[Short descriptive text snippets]
....................
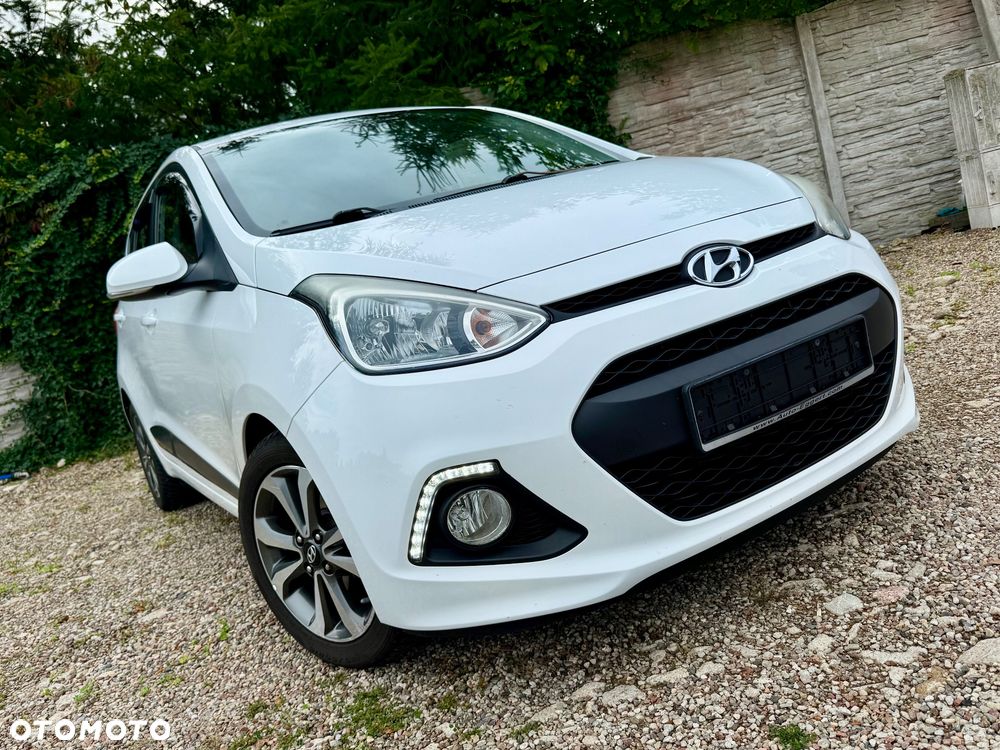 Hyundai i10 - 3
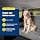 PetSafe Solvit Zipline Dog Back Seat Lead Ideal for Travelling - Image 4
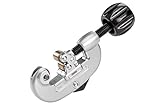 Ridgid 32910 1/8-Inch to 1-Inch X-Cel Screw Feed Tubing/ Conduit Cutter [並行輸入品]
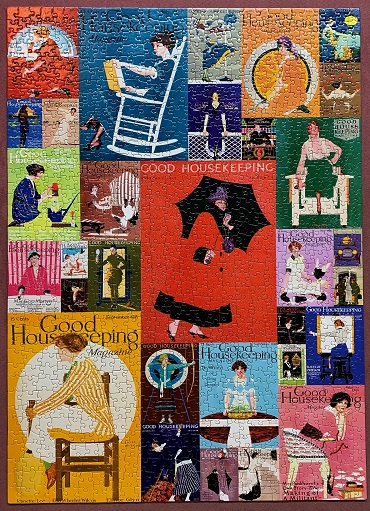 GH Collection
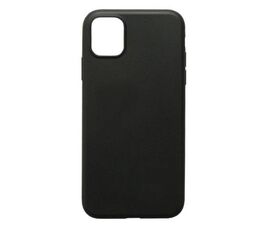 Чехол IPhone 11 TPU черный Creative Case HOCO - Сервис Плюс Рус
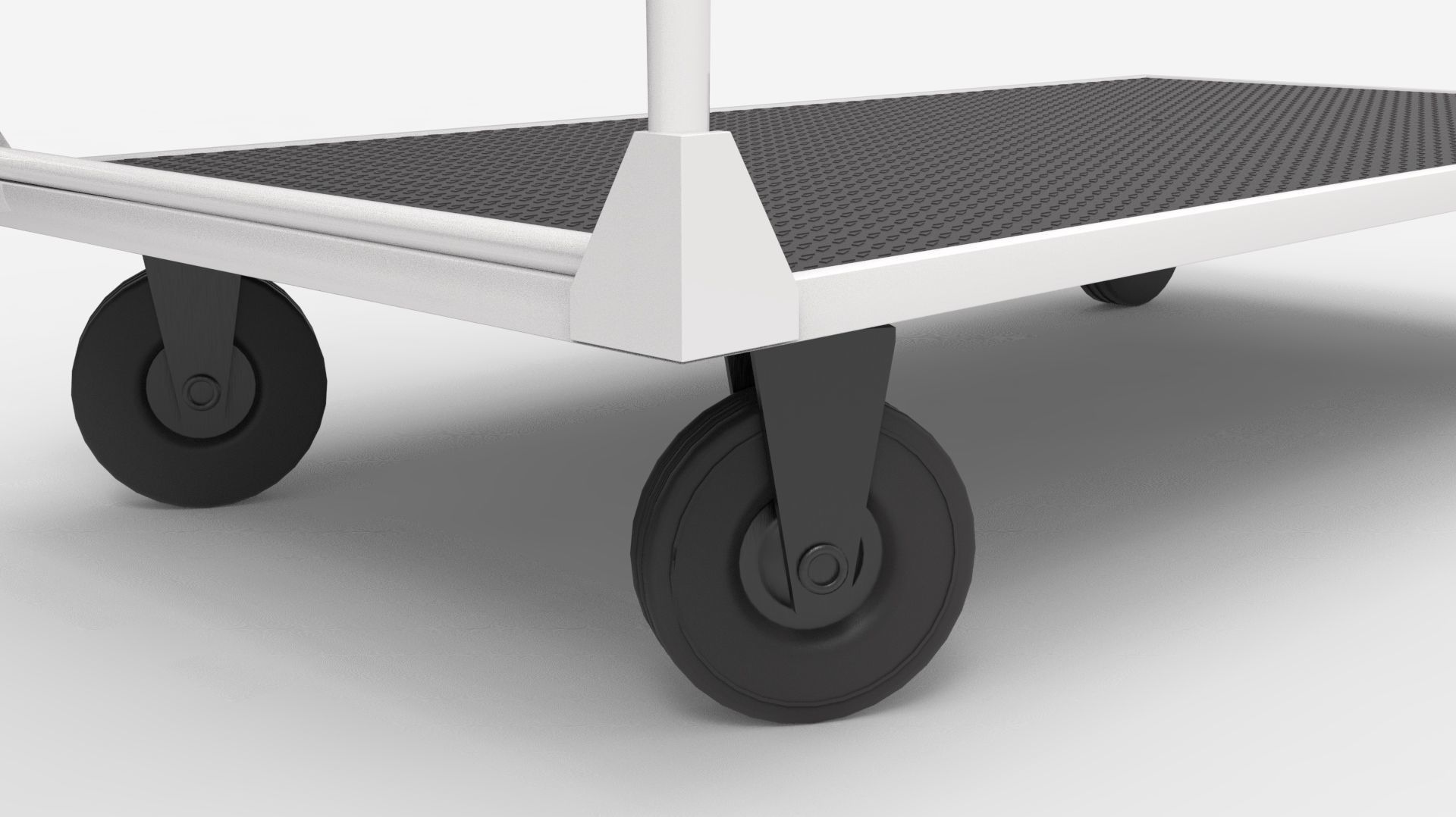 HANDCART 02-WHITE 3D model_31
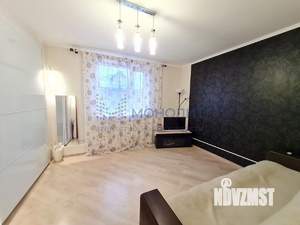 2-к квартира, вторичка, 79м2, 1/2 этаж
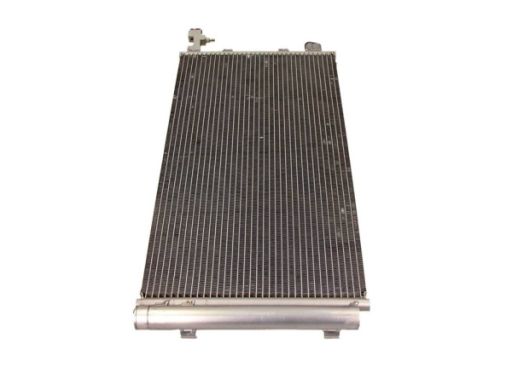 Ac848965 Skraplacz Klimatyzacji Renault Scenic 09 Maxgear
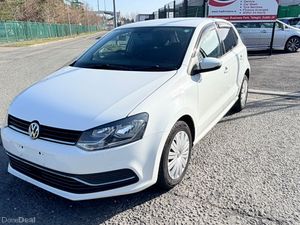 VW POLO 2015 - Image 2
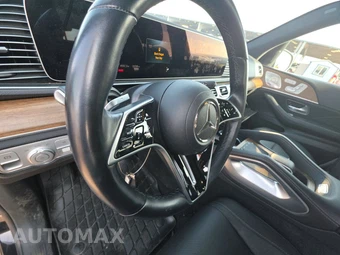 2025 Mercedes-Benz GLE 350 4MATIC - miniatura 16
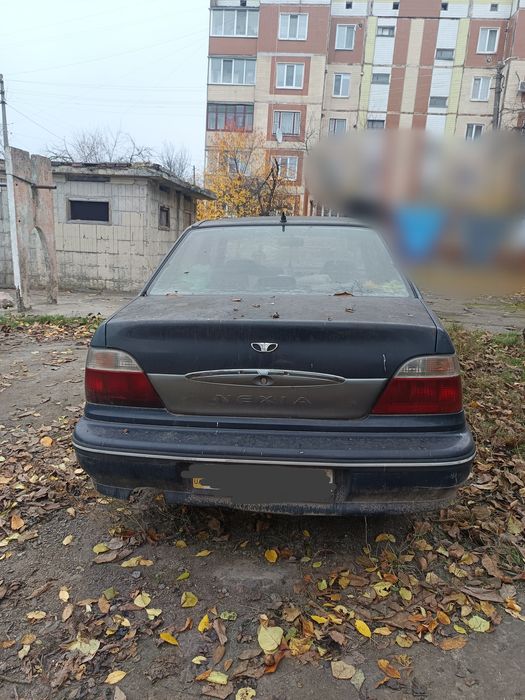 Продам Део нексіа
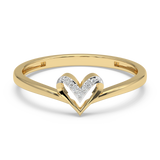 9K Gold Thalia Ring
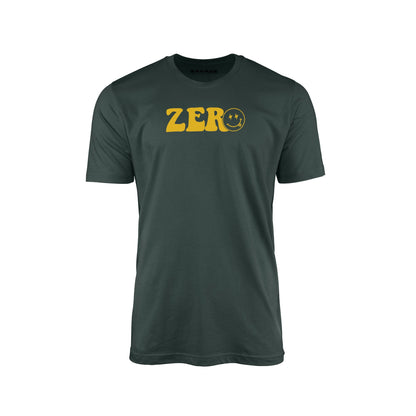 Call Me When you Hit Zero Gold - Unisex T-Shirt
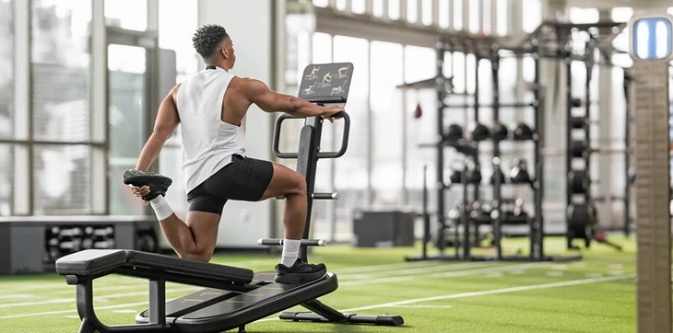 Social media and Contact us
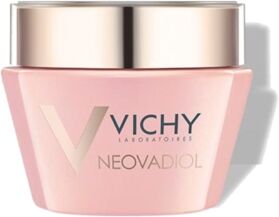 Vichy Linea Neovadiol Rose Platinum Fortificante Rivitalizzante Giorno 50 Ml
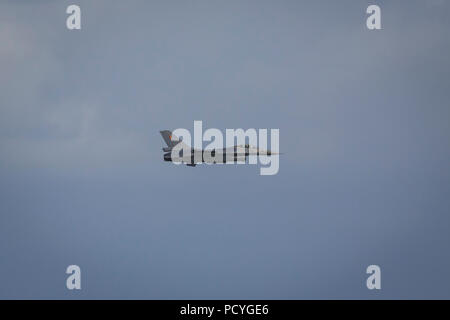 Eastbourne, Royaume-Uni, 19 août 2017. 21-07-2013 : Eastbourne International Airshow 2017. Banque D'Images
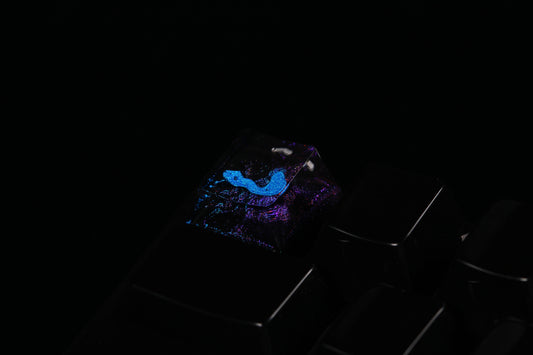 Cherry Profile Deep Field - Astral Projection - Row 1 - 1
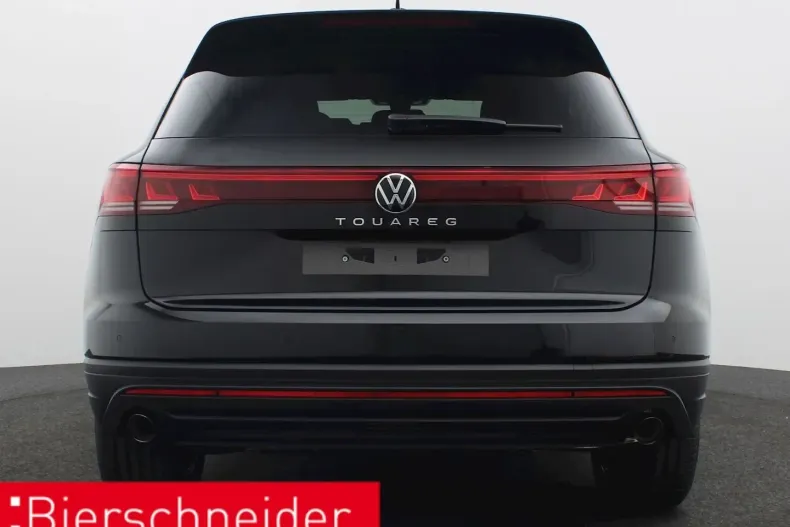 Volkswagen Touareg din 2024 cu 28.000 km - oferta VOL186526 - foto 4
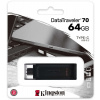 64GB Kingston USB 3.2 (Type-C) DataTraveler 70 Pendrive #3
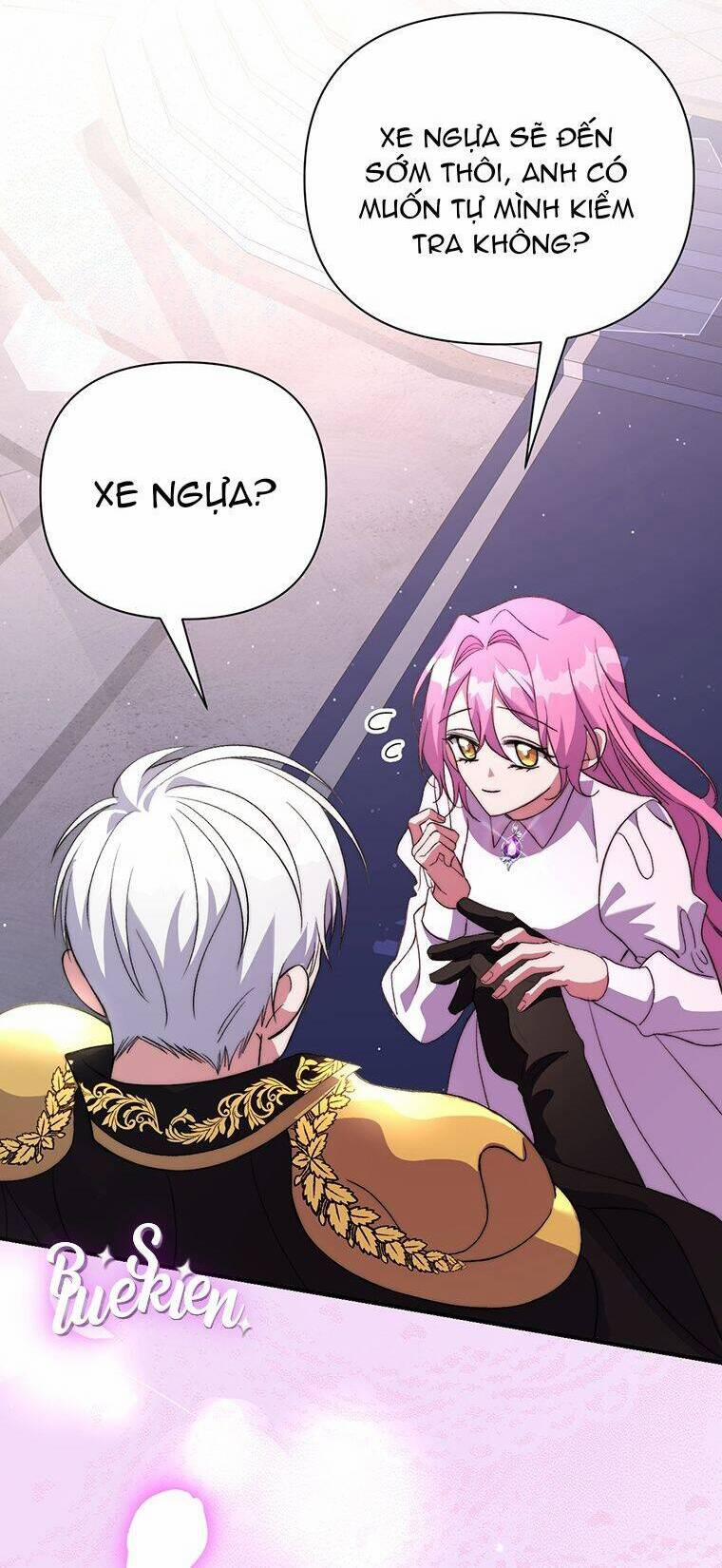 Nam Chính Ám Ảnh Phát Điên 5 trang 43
....................
Reproduce all entries above exactly, minus the images.

 Hyundai i10 - 3
 PetSafe Solvit Zipline Dog Back Seat Lead Ideal for Travelling - Image 4
 Ridgid 32910 1/8-Inch to 1-Inch X-Cel Screw Feed Tubing/ Conduit Cutter [並行輸入品]
 GH Collection
 Чехол IPhone 11 TPU черный Creative Case HOCO - Сервис Плюс Рус
 HANDCART 02-WHITE 3D model_31
 2-к квартира, вторичка, 79м2, 1/2 этаж
 Ac848965 Skraplacz Klimatyzacji Renault Scenic 09 Maxgear
 VW POLO 2015 - Image 2
 2025 Mercedes-Benz GLE 350 4MATIC - miniatura 16
 Продам Део нексіа
 9K Gold Thalia Ring
 Call Me When you Hit Zero Gold - Unisex T-Shirt
 Social media and Contact us
 Vichy Linea Neovadiol Rose Platinum Fortificante Rivitalizzante Giorno 50 Ml
 Eastbourne, Royaume-Uni, 19 août 2017. 21-07-2013 : Eastbourne International Airshow 2017. Banque D'Images
 Cherry Profile Deep Field - Astral Projection - Row 1 - 1
 Volkswagen Touareg din 2024 cu 28.000 km - oferta VOL186526 - foto 4
 64GB Kingston USB 3.2 (Type-C) DataTraveler 70 Pendrive #3
 Nam Chính Ám Ảnh Phát Điên 5 trang 43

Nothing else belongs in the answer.